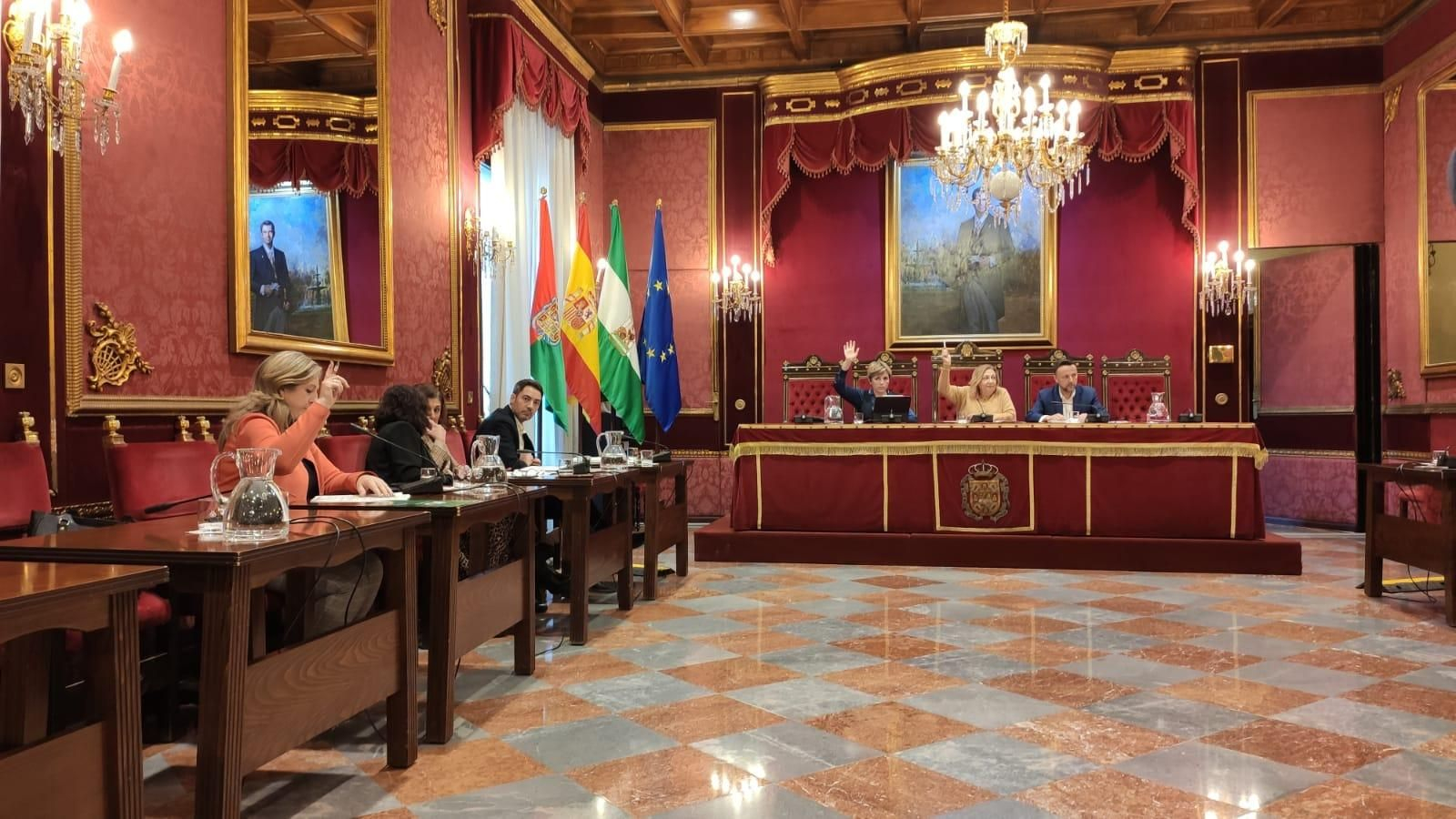 Comisión extraordinaria de Economía, con el voto de PP y Vox para desestimar alegaciones y aprobar definitivamente las ordenanzas.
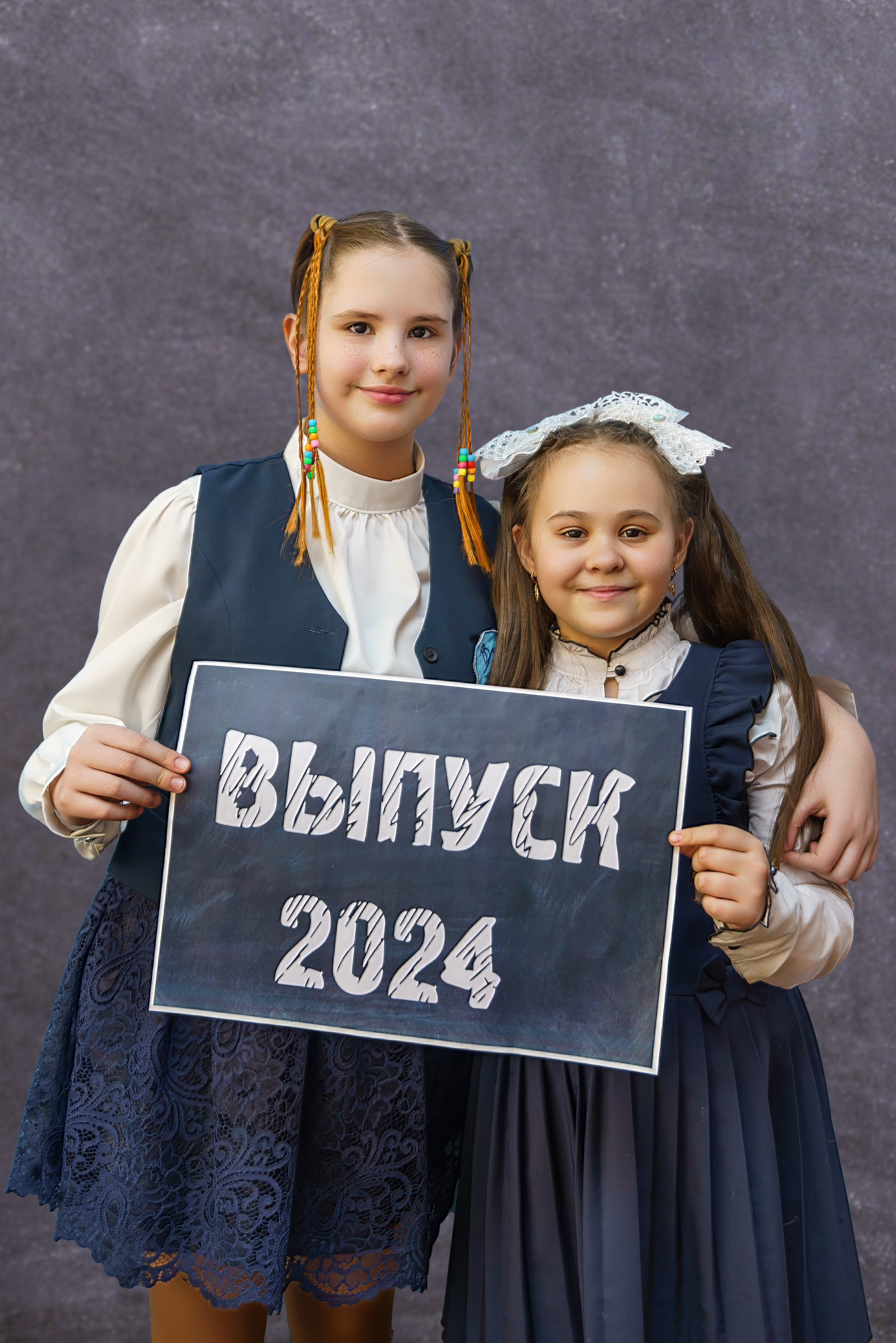 школьницы позируют, держат в руках плакат с надписью, выпуск 2024, подружки школьницы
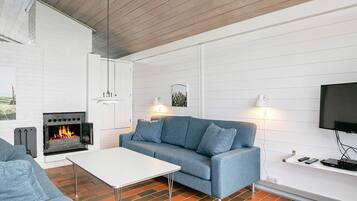 Deluxe House, 3 Bedrooms | Interior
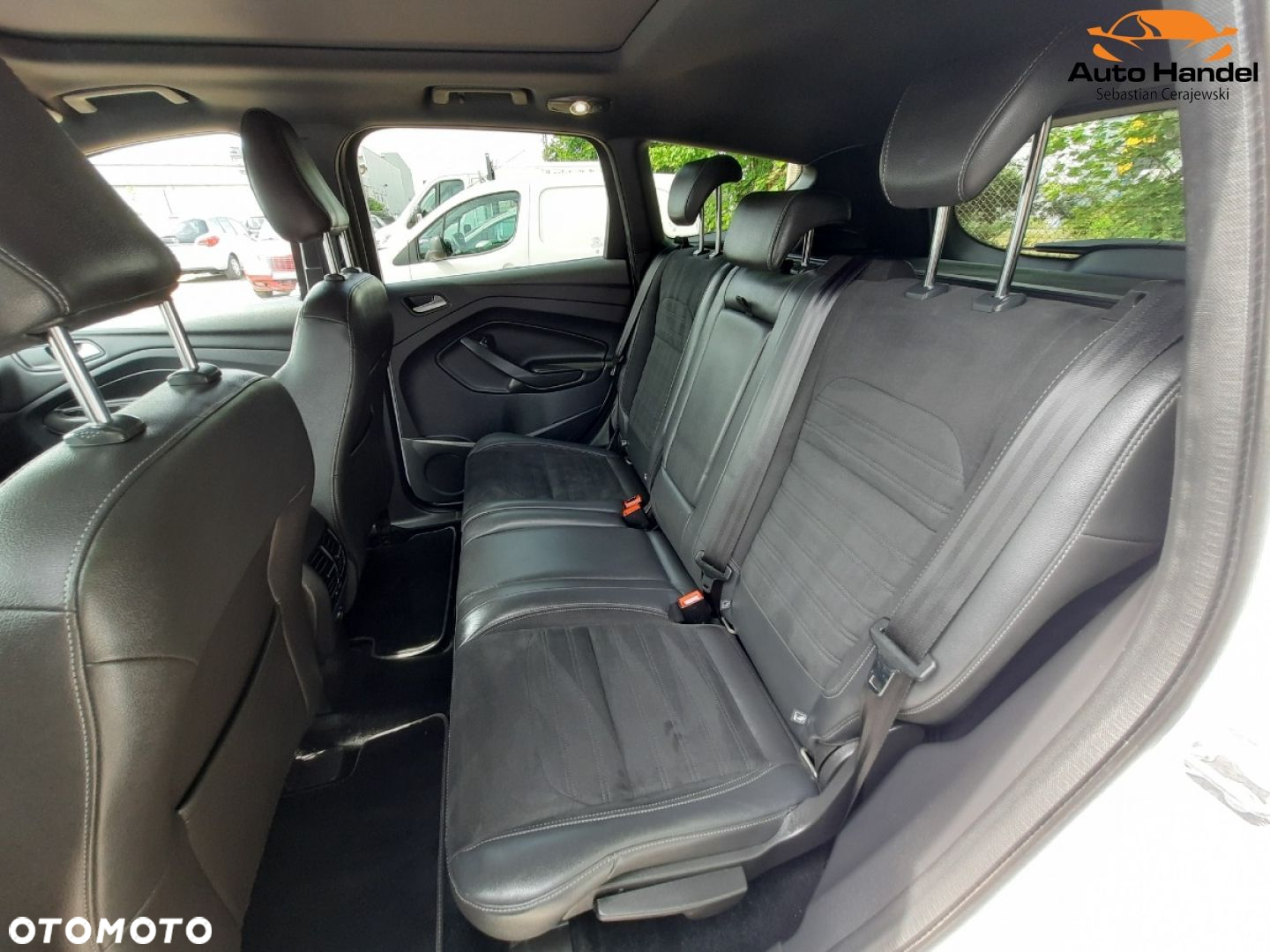 Ford Kuga 1.5 EcoBoost 4x4 Titanium - 35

- **Problem details**
Using the material above, set down every line exactly, but skip the pictures.

- **Answer space**
 Comisión extraordinaria de Economía, con el voto de PP y Vox para desestimar alegaciones y aprobar definitivamente las ordenanzas.
 школьницы позируют, держат в руках плакат с надписью, выпуск 2024, подружки школьницы
 Deluxe House, 3 Bedrooms | Interior
 Ford Kuga 1.5 EcoBoost 4x4 Titanium - 35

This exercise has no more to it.